= Anthony Hossack =

English footballer

Anthony Henry Hossack (2 May 1867 – 24 January 1925) was an English footballer who made two appearances for England in the 1890s playing at right half.

==Career==
Hossack was born in Walsall, but was educated at Chigwell School, playing for the school's football team between 1882 and 1886, becoming team captain in his last year. He went up to Jesus College, Cambridge, collecting a "Blue" for Cambridge University in 1890.

After leaving university he joined the Corinthians club, from where he was selected for his first England appearance, against Wales on 5 March 1892. In this game, the selectors selected a team consisting mainly of players with Corinthians connections and awarded eight new caps.
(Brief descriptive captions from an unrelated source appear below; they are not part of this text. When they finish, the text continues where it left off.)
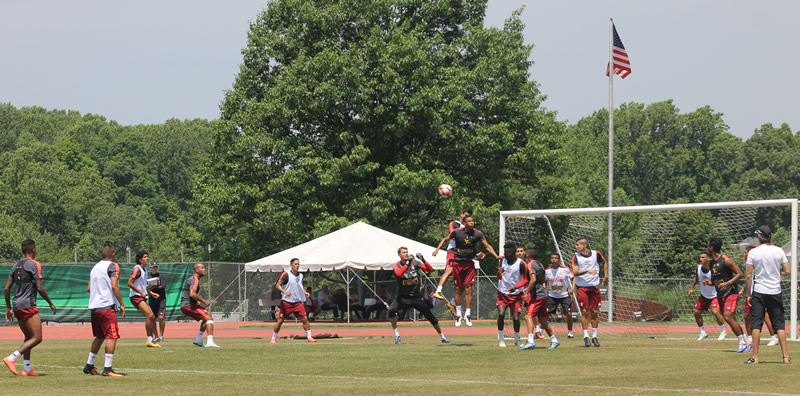 entrenamiento de seleccion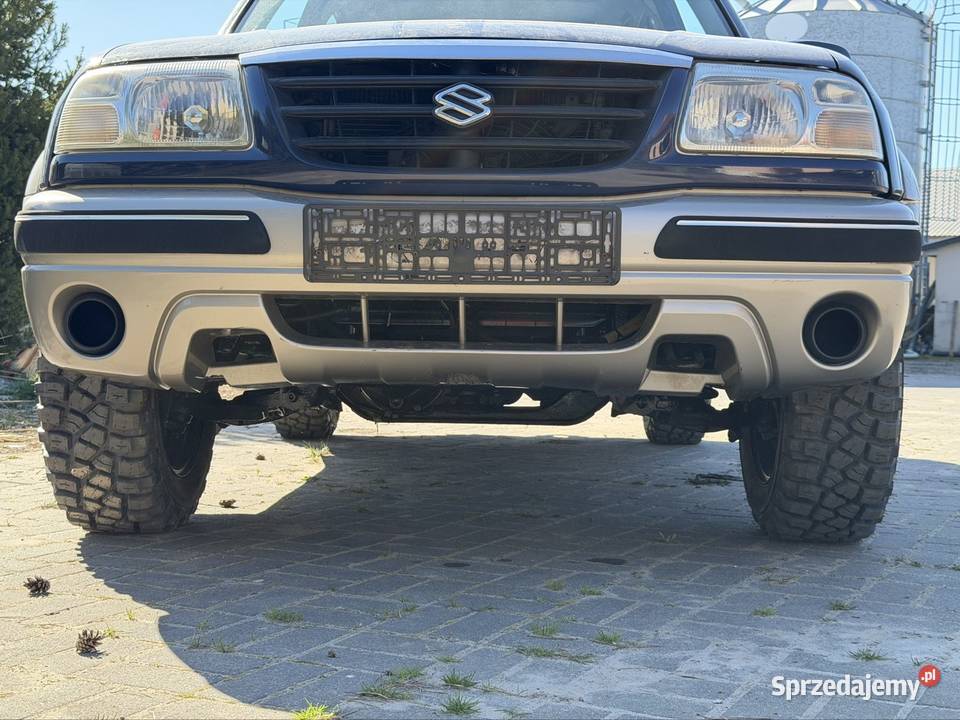 Suzuki Grand Vitara 4x4 Klima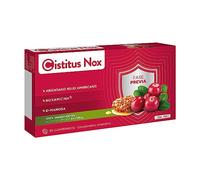 CISTITUS | Cistitus Nox 30 comprimidos | Formula completa y sinérgica | Noxamicina, arándano rojo americano y D-manosa | Fase previa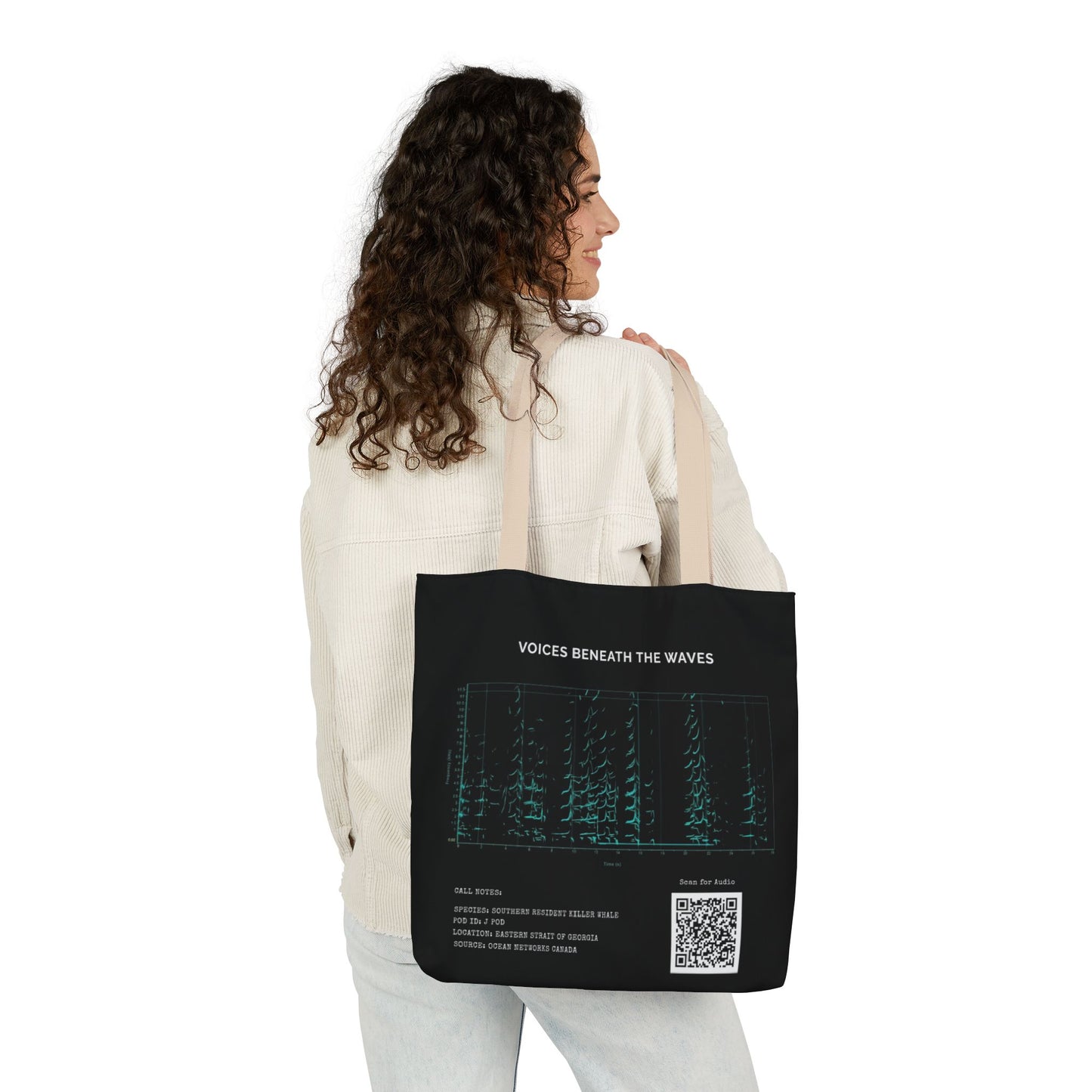Voices Beneath The Waves Tote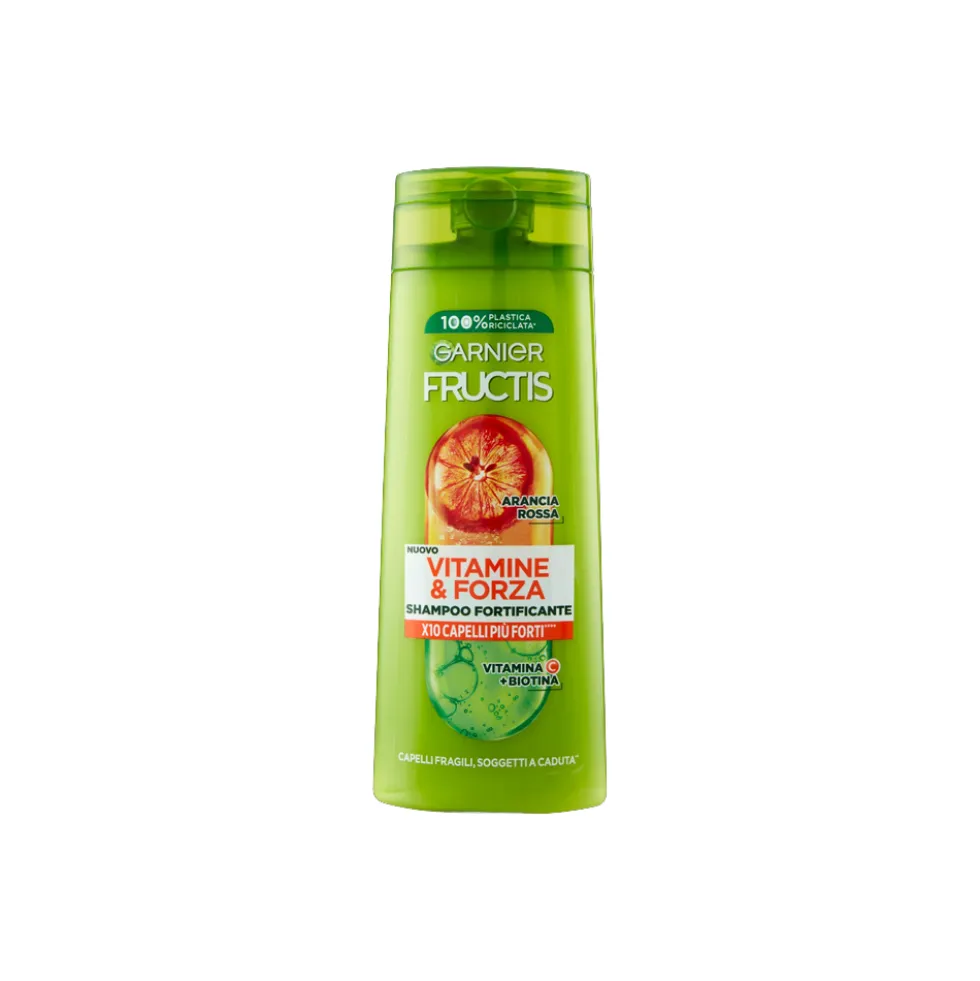 Fructis Shampoo Vitamine & Forza Shampoo Fortificante 250 ml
England were a little too skilful for the Welsh and ran out 2–0 winners with goals from Arthur Henfrey and Rupert Sandilands.

His second, and final, cap came two years later, also against Wales on 12 March 1894. Once again, the selectors decided to field a team consisting entirely of players with Corinthians connections. Wales opened the scoring after 10 minutes, but by half-time England had taken the lead with a goal from John Veitch and an own goal. Veitch scored again early in the second half and completed his hat-trick in the 80th minute, thus joining a select band to score a hat-trick on his début. The fifth goal came from Robert Cunliffe Gosling as England ran out comfortable 5–1 victors.

Hossack also played cricket for both Cambridge University and Essex. He only made one senior appearance for each club, both against Marylebone Cricket Club (MCC); for the university in May 1889 and for Essex in May 1891.

In 1897 he qualified as a solicitor and settled in Dawlish, Devon. He died at Torquay on 24 January 1925, aged 57.